Many thanks, that's very enlightening! The built-in profiler which I missed up to now is really great. :heart:
I will also take a look, but I will probably not see anything new, my Go knowledge is very basic at the moment. Still, I feel much better that you are also seeing the effect in general in your monitored metrics, so at least it's not a very exotic configuration on my end.
I can confirm that I also see CPU usage increase after a few days of uptime.
Edit: @calmh: Could you let me know which metric you used for the cpu usage? I can only see process_cpu_seconds_total in the /metrics endpoint but no current cpu usage
For completeness, Alex has also reported this in the forums: https://forum.syncthing.net/t/slowly-increasing-cpu-usage-over-time/21639/4?u=olifre In his case, he reports that this only started to show up for him with 1.22.3, and not with 1.22.2.
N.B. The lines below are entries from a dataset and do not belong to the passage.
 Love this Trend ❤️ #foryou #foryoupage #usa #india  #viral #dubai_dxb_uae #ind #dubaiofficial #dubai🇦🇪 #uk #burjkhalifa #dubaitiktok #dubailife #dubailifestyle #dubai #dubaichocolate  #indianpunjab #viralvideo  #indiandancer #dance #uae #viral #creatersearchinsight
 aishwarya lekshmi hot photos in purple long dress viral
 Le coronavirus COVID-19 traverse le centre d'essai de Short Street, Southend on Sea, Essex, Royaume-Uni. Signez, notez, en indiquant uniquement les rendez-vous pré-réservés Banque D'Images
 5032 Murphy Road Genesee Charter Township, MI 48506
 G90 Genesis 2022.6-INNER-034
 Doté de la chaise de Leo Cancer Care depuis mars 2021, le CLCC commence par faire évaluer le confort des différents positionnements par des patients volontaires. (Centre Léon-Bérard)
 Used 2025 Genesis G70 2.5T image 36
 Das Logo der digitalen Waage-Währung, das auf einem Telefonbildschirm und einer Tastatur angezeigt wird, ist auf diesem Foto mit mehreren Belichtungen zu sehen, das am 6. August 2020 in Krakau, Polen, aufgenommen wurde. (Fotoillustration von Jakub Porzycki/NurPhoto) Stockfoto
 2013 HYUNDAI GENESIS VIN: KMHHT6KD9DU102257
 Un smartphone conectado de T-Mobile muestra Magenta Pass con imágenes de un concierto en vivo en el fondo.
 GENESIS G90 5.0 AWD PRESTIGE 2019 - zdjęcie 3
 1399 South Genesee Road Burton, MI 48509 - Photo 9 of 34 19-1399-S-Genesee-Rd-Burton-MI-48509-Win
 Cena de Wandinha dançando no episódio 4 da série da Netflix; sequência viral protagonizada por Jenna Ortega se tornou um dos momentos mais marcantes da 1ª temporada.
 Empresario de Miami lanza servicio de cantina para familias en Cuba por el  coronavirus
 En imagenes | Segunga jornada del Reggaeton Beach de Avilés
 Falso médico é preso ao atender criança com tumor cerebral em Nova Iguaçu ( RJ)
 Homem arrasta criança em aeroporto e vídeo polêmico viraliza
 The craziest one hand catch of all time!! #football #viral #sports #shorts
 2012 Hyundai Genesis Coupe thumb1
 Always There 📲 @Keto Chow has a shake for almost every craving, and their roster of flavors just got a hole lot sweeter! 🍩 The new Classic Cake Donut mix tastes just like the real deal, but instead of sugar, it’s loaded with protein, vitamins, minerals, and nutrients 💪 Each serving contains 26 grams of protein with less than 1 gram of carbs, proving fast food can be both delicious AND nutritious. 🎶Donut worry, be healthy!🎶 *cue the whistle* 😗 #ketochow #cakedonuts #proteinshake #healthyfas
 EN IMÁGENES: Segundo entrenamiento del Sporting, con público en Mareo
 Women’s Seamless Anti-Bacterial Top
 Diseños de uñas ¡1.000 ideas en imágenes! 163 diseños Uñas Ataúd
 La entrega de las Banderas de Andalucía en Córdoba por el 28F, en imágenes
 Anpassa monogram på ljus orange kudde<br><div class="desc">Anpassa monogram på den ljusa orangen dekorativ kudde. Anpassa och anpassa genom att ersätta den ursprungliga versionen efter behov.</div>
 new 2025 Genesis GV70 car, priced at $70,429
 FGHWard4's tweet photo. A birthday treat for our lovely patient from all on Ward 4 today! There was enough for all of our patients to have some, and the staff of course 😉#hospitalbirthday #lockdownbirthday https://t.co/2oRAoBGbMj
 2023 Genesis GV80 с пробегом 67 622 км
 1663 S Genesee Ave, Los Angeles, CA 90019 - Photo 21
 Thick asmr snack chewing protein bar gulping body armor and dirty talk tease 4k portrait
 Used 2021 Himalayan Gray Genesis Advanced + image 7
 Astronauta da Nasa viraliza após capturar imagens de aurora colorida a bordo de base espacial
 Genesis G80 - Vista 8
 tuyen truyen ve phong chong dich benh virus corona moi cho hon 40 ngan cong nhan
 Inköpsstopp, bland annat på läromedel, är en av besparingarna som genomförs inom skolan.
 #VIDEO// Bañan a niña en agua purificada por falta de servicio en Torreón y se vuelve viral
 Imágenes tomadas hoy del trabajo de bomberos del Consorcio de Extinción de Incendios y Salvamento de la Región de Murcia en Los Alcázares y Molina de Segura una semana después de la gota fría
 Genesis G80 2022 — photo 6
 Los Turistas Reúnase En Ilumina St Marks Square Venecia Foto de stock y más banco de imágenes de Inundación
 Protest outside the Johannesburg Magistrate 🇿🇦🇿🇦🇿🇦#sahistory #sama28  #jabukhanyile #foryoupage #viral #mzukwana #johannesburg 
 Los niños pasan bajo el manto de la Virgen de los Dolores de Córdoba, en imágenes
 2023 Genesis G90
Sadly, I don't have enough monitoring history to confirm (I never saw a noticeable increase before, but my monitoring was just worse in the past).
I've run into this problem as well. A walk through the bowels of go's timer internals reveals that there are hundreds of timers with a two second period being processed. With the helpful hints about the scan routines, I found this path missing a timer stop:
--- a/lib/scanner/walk.go
+++ b/lib/scanner/walk.go
@@ -161,6 +161,7 @@ func (w *walker) walk(ctx context.Context) chan ScanResult {
}
if len(filesToHash) == 0 {
+ ticker.Stop()
close(finishedChan)
return
}
@colingibbs1 That's a great find! It also matches Alex' observation in the forums, i.e. that the effect is new with 1.27.3, as that "return path" without a stop of the timer was newly added in 1.27.3 here: https://github.com/syncthing/syncthing/commit/2f3eacdb6c1c33650ccdd91f42e842c116200d92
Argh, let me do some coding for Syncthing for once and I add a resource leak. I'll fix it asap (while I should review stuff instead of course, but I wanna fix :) ). Thanks a lot for finding this!